Jim Morrison: Dec 8 1943 – July 3 1971 ~ long live the legend of the Lizard King

July 5, 2011

The face that launched thousands of trips: leader of The Doors, the indubitable Jim Morrison

Yes, 40 years ago on Sunday, the formidable front-man of psychedelic rock powerhouse band The Doors, the self-styled Lizard King, Mr Mojo Risin’ himself or (if you prefer) plain-old Jim Morrison broke on through to the other side in oh-so suspicious circumstances. Laconically cool, effortlessly irresistible to either sex and instantly and eternally iconic, Morrison was arguably both the real deal (a foremost figure of the late ’60s counter-culture with electric talent) and a seductive charlatan (a handsome poet who captivated kids with ideas and moves nicked from Nietzsche, the Beat Poets, Van Morrison and Native American mysticism).

Truth be told, his legend surely would not have endured in the way it has had he not died in Paris aged just 27 (ensuring his membership in the ’27 Club’ – a group of rock musicians who all died at that age, including Jimi Hendrix, Janis Joplin, Brian Jones and Kurt Cobain).
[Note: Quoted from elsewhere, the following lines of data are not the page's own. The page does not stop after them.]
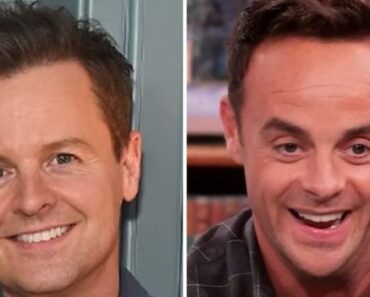 When beloved TV duo Ant & Dec quietly purchased a £500,000 countryside farm earlier this year, fans assumed it was the beginning of a lavish rural retreat. After all, with their massive success and decades-long career in entertainment, who wouldn’t want a bit of peaceful luxury? But then came the twist—and it stunned everyone. Instead of a private estate, the two have transformed the property into a fully operational animal rescue haven, dedicated specifically to disabled and vulnerable animals.
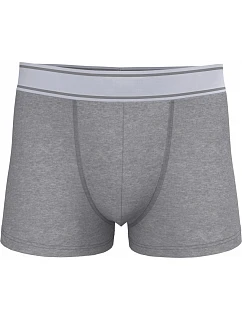 Kariban K 800 Pánské boxerky 20.K800 oxford grey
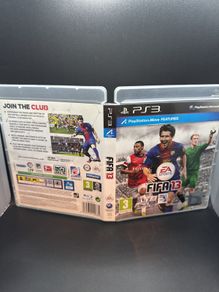 Fifa 13 Ps3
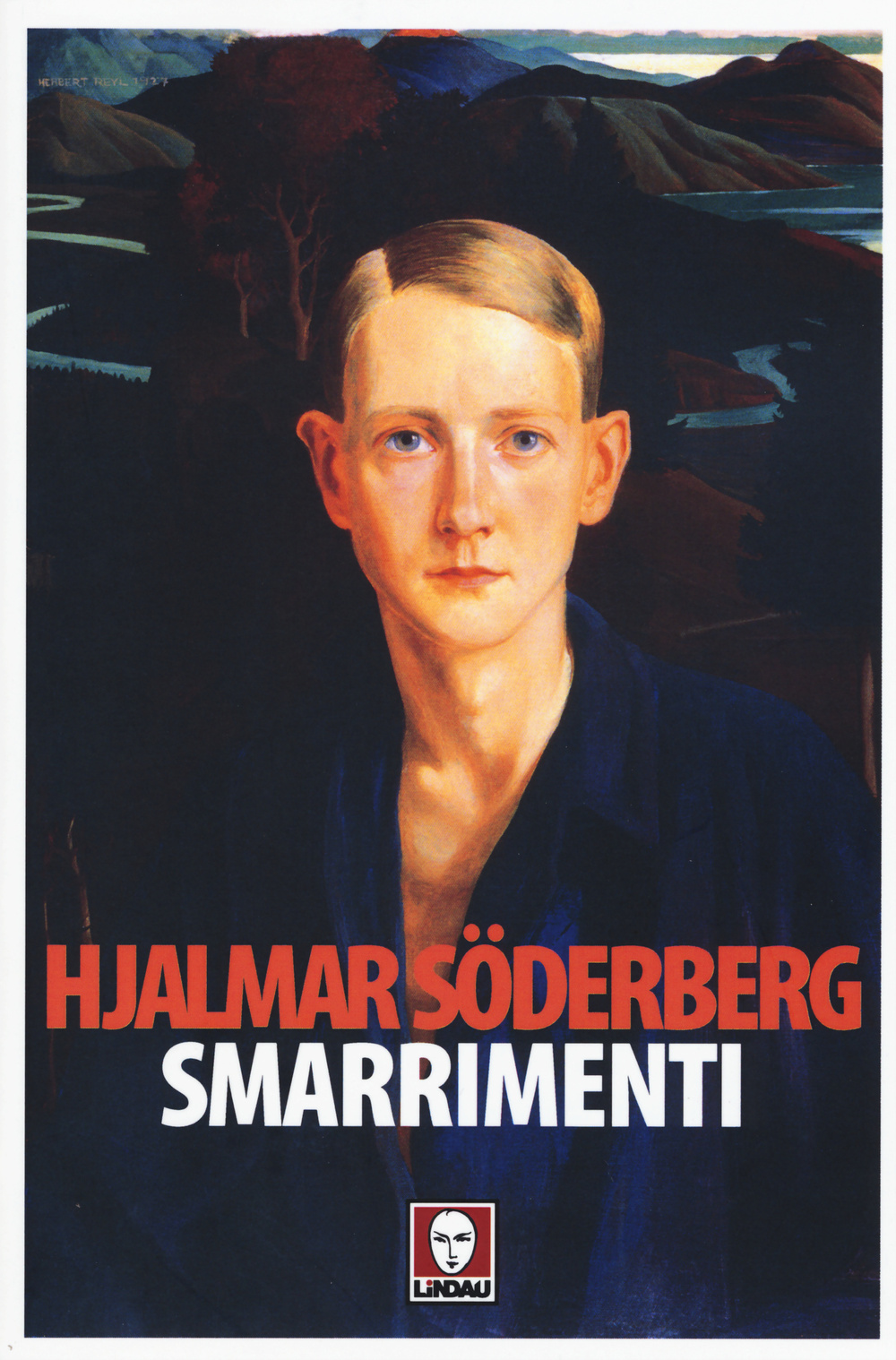SMARRIMENTI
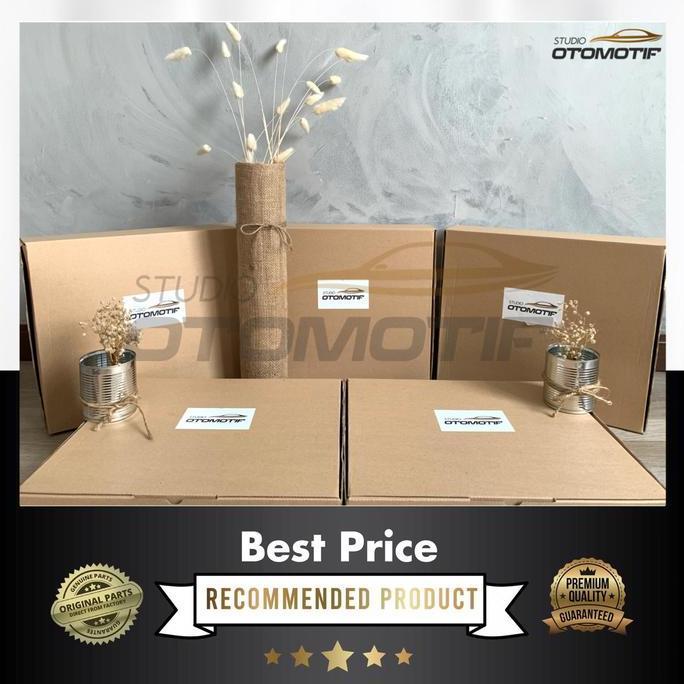 Murah SARUNG MOBIL KIJANG KAPSUL KRISTA PREMIUM / BODY COVER KIJANG PREMIUM Non COD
He left us young, sure, but, boy, did he cram a lot into his life – fame (nay, notoriety), devotion, drug addiction and, apparently, a plethora of sexual partners, supposedly numbering fellow rock stars of his era Grace Slick, Nico and Joplin herself.

Anyhoo, if any time is the right time to celebrate the strange days of Jim Morrison then this surely is it, so here follows, peeps, a collection of quotes about and attributed to, rare images of, and (my own favourite) musical performances by that man Morrison – yup, long live the legend of the Lizard King, indeed…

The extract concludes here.